CouchDB first impressions

I’m playing with CouchDB tonight. Some first thoughts, as they occur to me:

  • The build process was very easy. I already had Erlang and all the standard automake/autoconf crap installed, so it was just a matter of installing something called icu and going from there. Something like 10 minutes from svn checkout to relaxing.

  • Anything I can poke at with curl is pretty damn cool.

  • Wow, I can just chuck arbitrary JSON objects up at this thing and it’ll store it. No setup, no schemas, no nothing. This is relaxing…
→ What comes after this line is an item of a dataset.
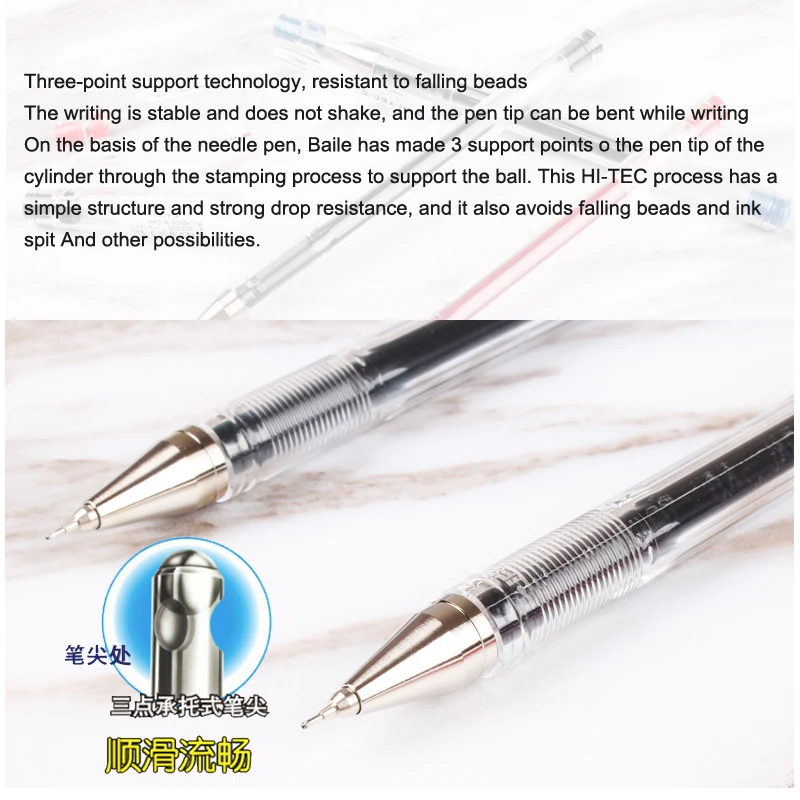 12 шт./кор. Pilot HI-TEC набор гелевых ручек 0 25 3 4 мм тонкая шариковая ручка игла
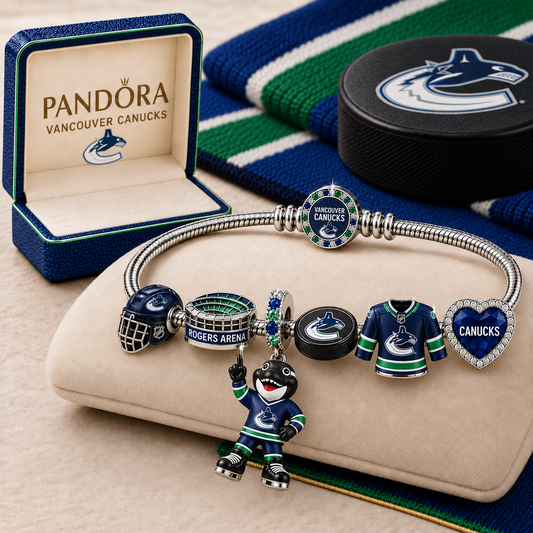 Premium NHL VC Gold Charm Bracelet Set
  • I hadn’t expected CouchDB to look this polished so soon in the game. The web interface is truly awesome, and naturally implemented directly against the regular API.

  • Nice, there’s already a couchdb-python (built with httplib2, natch). The latest release installed with easy_install doesn’t seem to work, but SVN trunk does.

  • Good lord, inserting data is slow slow slow.

    My standard stress-test for databasy things is to chuck in the half-million stories from ljworld.com. This is gonna take a long time:

    finshed #21000 (elapsed=35.921 per-story=0.036)
    finshed #22000 (elapsed=34.100 per-story=0.034)
    finshed #23000 (elapsed=38.658 per-story=0.039)

    Looks like it’ll take something on the order of five hours to import everything. Painful.

  • The good news is that the import speed doesn’t seem to be changing as I write/remove views, run ad-hoc queries, etc., and the import speed remains at about 25 [1] documents/second.

  • I’d probably get better behavior if I made my importer multi-threaded or select-based; there’s a fair amount of iowait even over loopback.

  • I wonder if there’s a bulk insert mode? Can’t seem to find one…

  • If I really only can do 2.5 documents/second, I don’t think I could use this in actual write-heavy production environments. Most of the sites I work on are fairly read-heavy, so CouchDB might be OK.

    I think in practice I’d pair CouchDB up with a message queue so I could post documents asynchronously.

    Or maybe there’s an asynchronous POST option I’m missing?

  • Views written in Python are amazingly slower than those written in JavaScript. Like an order of magnitude slower. Wonder what’s up with that.

  • I wonder what it would take to make CouchDB into a backend for Django models? Seems there’s a much lower impedance mismatch between a document database and an object one – a model instance maps much better to a document than to a tuple.

    Joins, of course, are simply not possible… but in the right situations you wouldn’t need ‘em.

That’s all for now. I may post more if I find more to say.

[1]This originally read “2.5” because I suck at math. Thanks for catching my mistake, folks.